TechWeb

Security Firms Raise Threat Assessment Of New Worm

Oct 31, 2003 (01:10 PM EST)

Read the Original Article at http://www.informationweek.com/news/showArticle.jhtml?articleID=15800381


A self-mailing worm spread at such a rapid clip Friday that several security firms raised their threat assessments to alert users of the danger.

The worm, pegged as Mimail.C by most antivirus vendors, was discovered just after midnight Friday and is a variation of similar malicious code launched in August. That trend--one successful worm tweaked to create another--is nothing new; the most notable example has been a series of worms dubbed as Sobig, whose latest incarnation last struck in August and September.

Like its predecessor, Mimail.C attempts to steal confidential information from compromised machines and send the harvested data to predetermined E-mail addresses. The actual Windows applications it pickpockets are still under investigation, says Craig Schmugar, a virus research engineer at Network Associates Inc.

The worm is also coded to perform denial-of-service attacks against a pair of Web sites, Darkprofits.com and Darkprofits.net.

Mimail.C disguises its worm payload in a .zip file labeled as PHOTOS.ZIP and tries to trick users into opening the message and launching the file by spoofing the sender address as originating from the user's own domain and using a subject heading of "Re: our private photos."

Because it's a mass-mailed worm--and collects E-mail addresses from infected Windows systems to propagate--Mimail may clog mail servers or degrade network performance, Symantec Corp. said in an E-mailed alert.

But "it's nowhere near as effective in mailing itself as was Sobig," Schmugar says. Although there could be a spike in propagation, and thus E-mail traffic, as workers leave work and fire up their home PCs, Schmugar doesn't expect the worm to reach the rate of multiplication that Sobig achieved.

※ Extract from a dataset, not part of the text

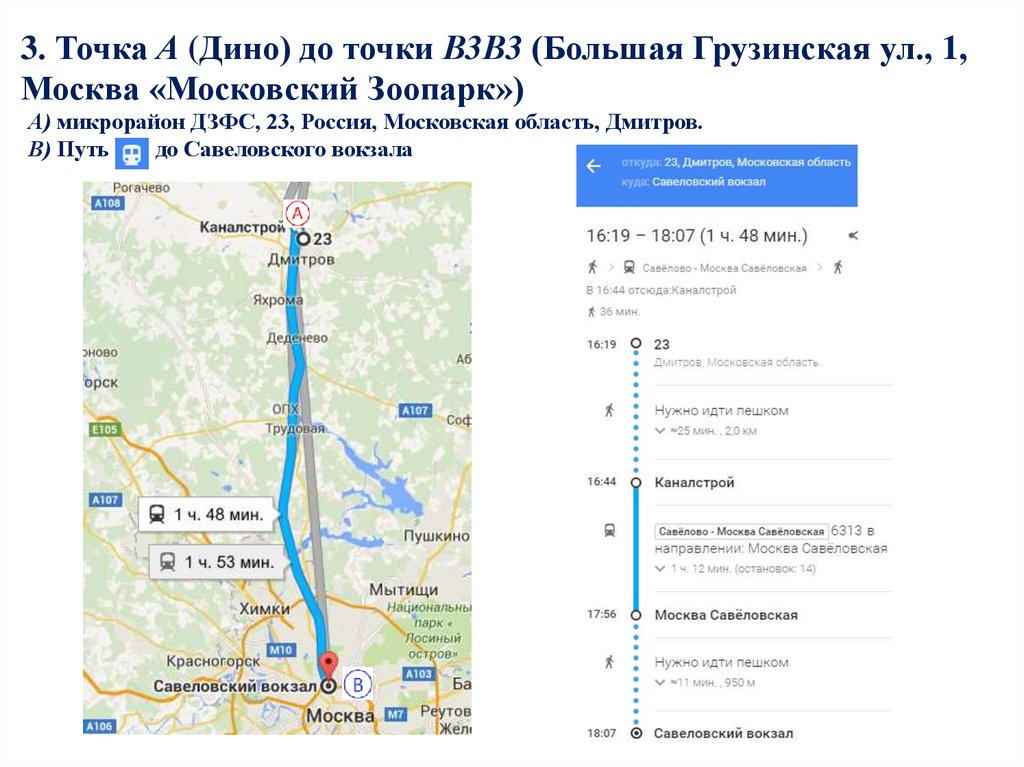 3. Точка А (Дино) до точки В3В3 (Большая Грузинская ул., 1, Москва «Московский Зоопарк»)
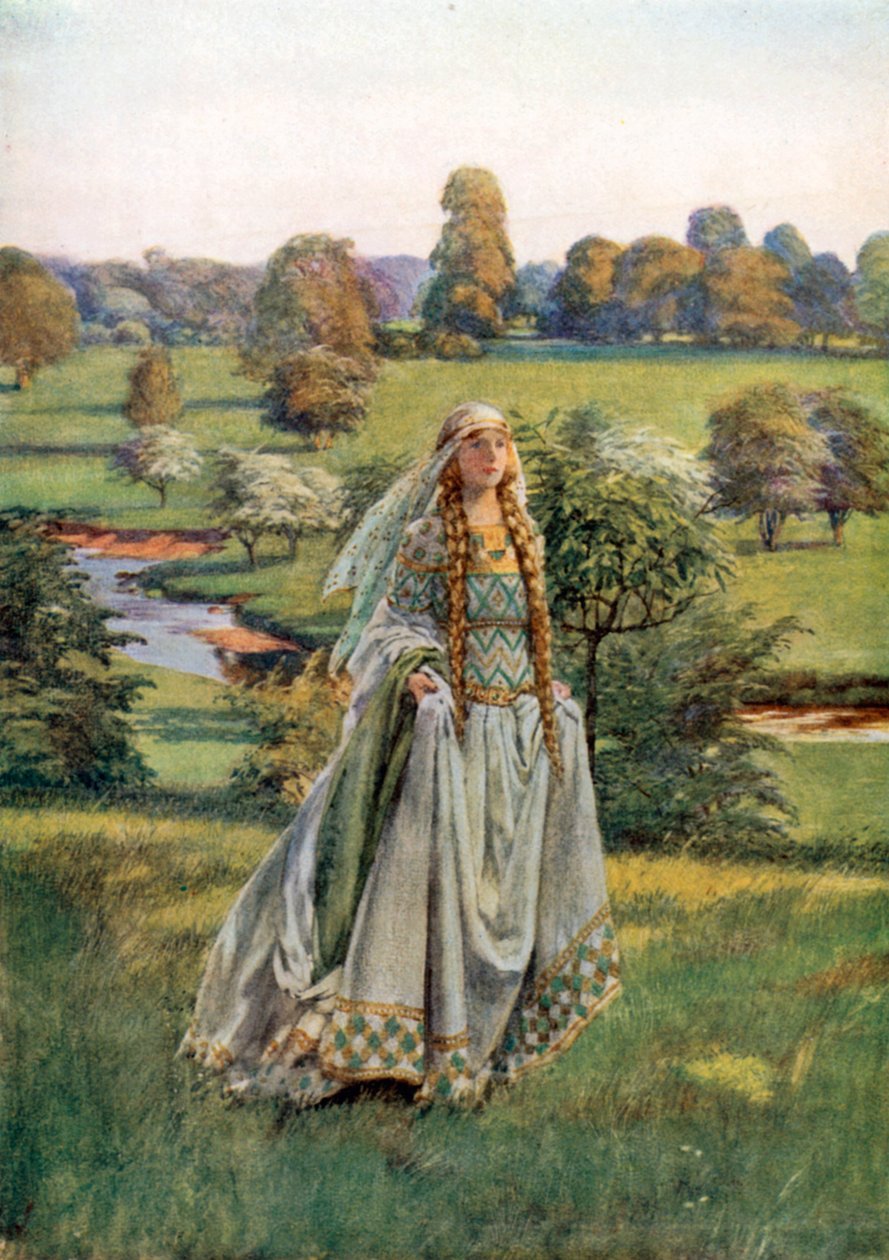 Guinevere. Tennyson (färglitografi) av Eleanor Fortescue-Brickdale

Nonetheless, antivirus organizations raised their alert levels to account for the pace of Mimail's spread. Network Associates, for instance, tagged the worm as a "medium" threat, while Symantec upped its assessment from a 2 to a 3 on its 1-to-5 system to designate virus danger.

Antivirus vendors such as Network Associates and Symantec have already refreshed their virus definitions to account for Mimail, and urge their users to update.

Other tactics to stymie Mimail include filtering for the .zip extension at the E-mail gateway and configuring antivirus software to sniff for malware embedded inside compressed files, says Ken Dunham, an analyst with iDefense, a security intelligence firm.

"Many corporations allow for .zip files to be transferred to others through E-mail," Dunham said in an E-mailed statement. "As a result, Mimail.C has the upper hand when infiltrating networks configured to allow .zip attachments."

The .zip attachment also gets by Microsoft's Outlook E-mail client, which automatically blocks a number of file types--ranging from .exe to .pif--but not .zip.

Infected PCs can be cleaned using an automated removal tool posted at BitDefender Inc.'s Web site. Additionally, Network Associates has listed instructions for manually eliminating Mimail on its site.